(Pictures with short captions)

-.-.-

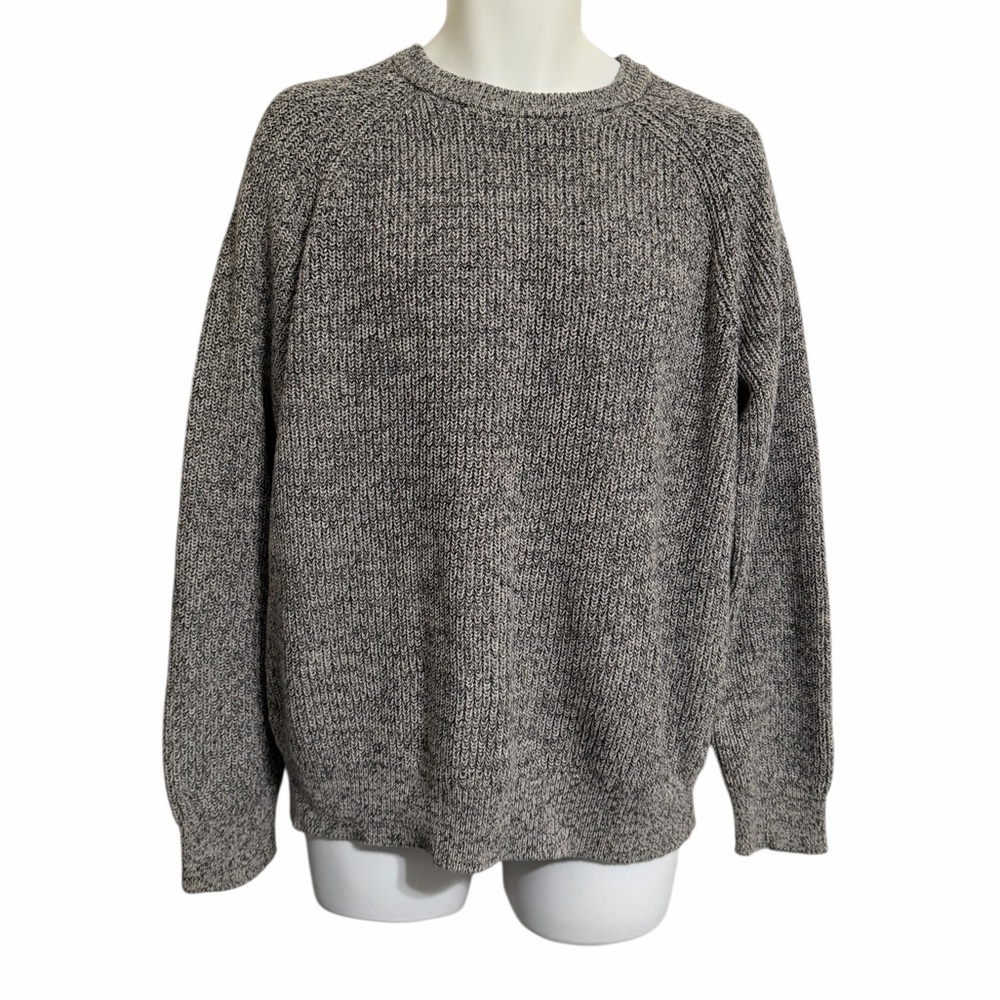 Old Navy Men's Off-White and Black Crewneck Sweater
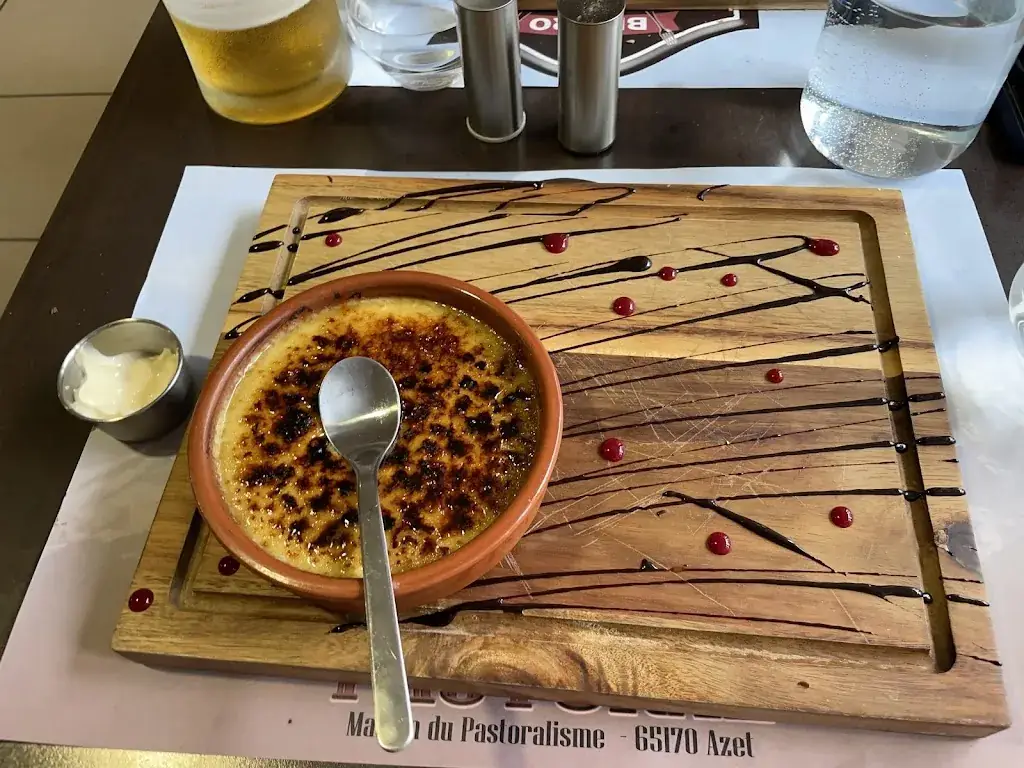 Lina Maria Perdomo_Le Bistro pastoral_Azet_review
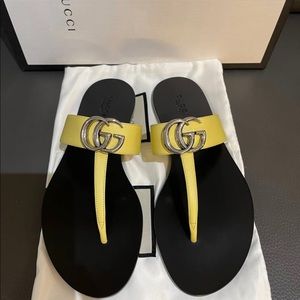 Gucci marmont thong sandal size 37 yellow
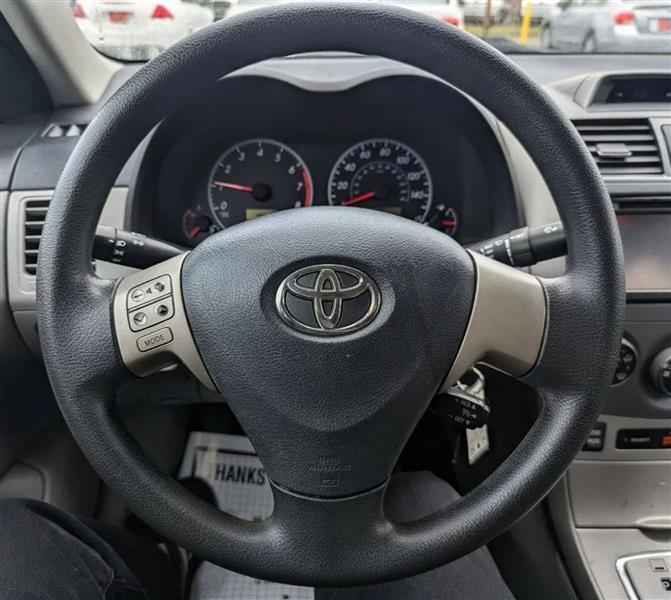 Toyota Corolla LE 4-Speed AT 2013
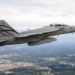 Primeiro vôo de um F/A-18F Super Hornet Avançado com CFTs e pod de armas.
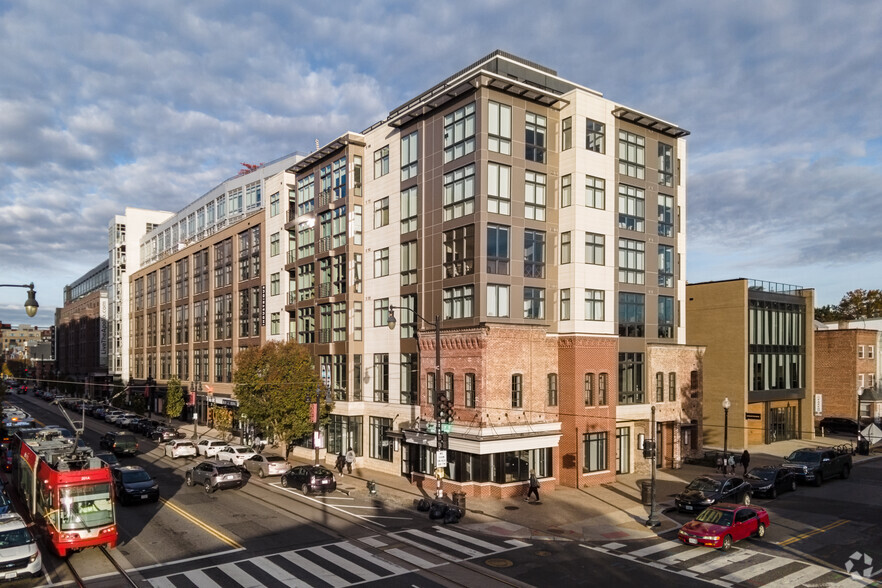 650 H St NE, Washington, DC en venta - Foto del edificio - Imagen 2 de 19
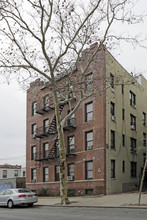 24-56 44th St in Long Island City, NY - Building Photo - Building Photo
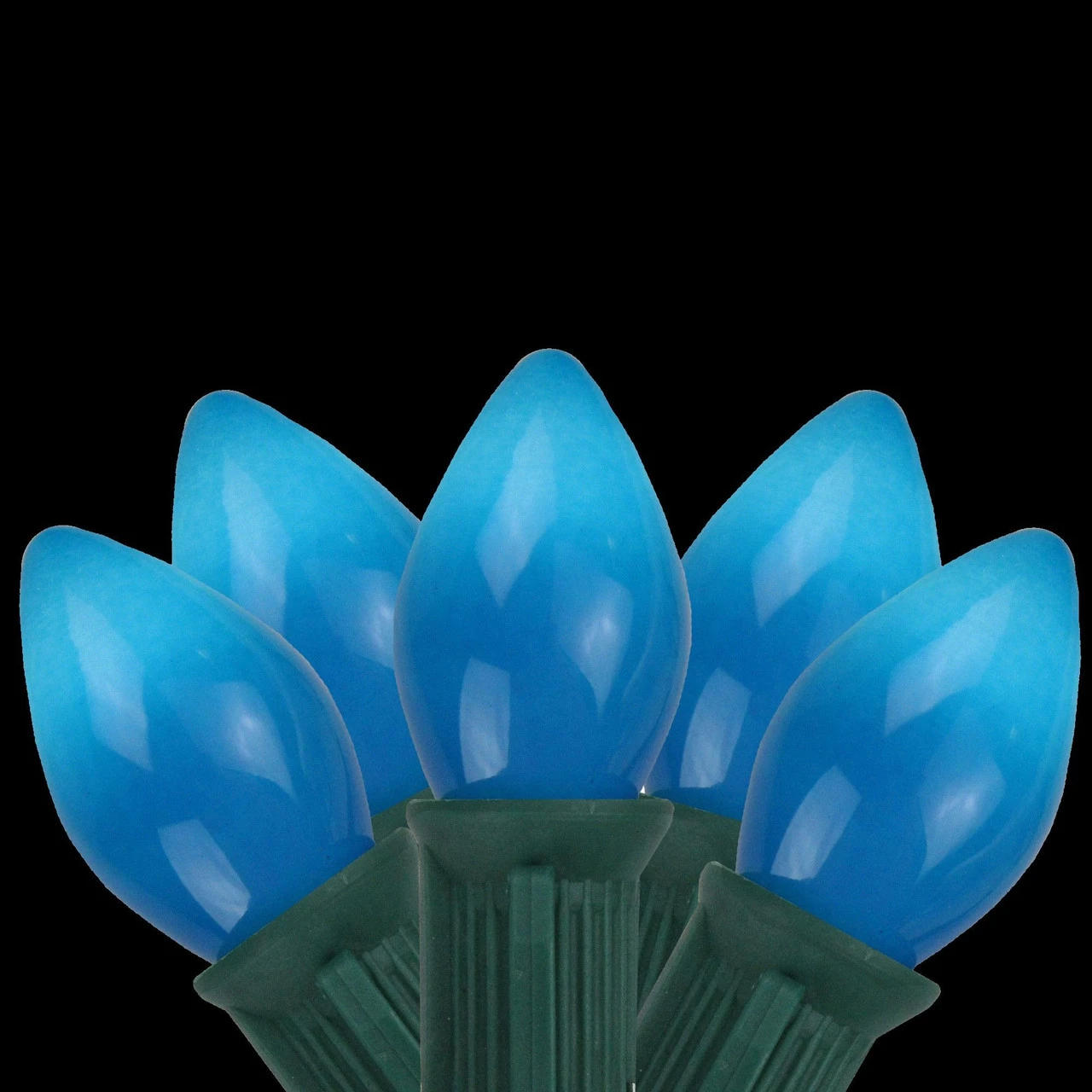 25-Count Blue C7 Opaque Christmas Light Set, 24ft Green Wire 5 25-Count Blue C7 Opaque Christmas Light Set, 24ft Green Wire - Image 3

-.-.-

Nothing but an exact copy of the data above, minus its pictures, should appear in the response.

 Old Navy Men's Off-White and Black Crewneck Sweater
 Lina Maria Perdomo_Le Bistro pastoral_Azet_review
 Gucci marmont thong sandal size 37 yellow
 Toyota Corolla LE 4-Speed AT 2013
 Primeiro vôo de um F/A-18F Super Hornet Avançado com CFTs e pod de armas.
 650 H St NE, Washington, DC en venta - Foto del edificio - Imagen 2 de 19
 24-56 44th St in Long Island City, NY - Building Photo - Building Photo
 25-Count Blue C7 Opaque Christmas Light Set, 24ft Green Wire 5 25-Count Blue C7 Opaque Christmas Light Set, 24ft Green Wire - Image 3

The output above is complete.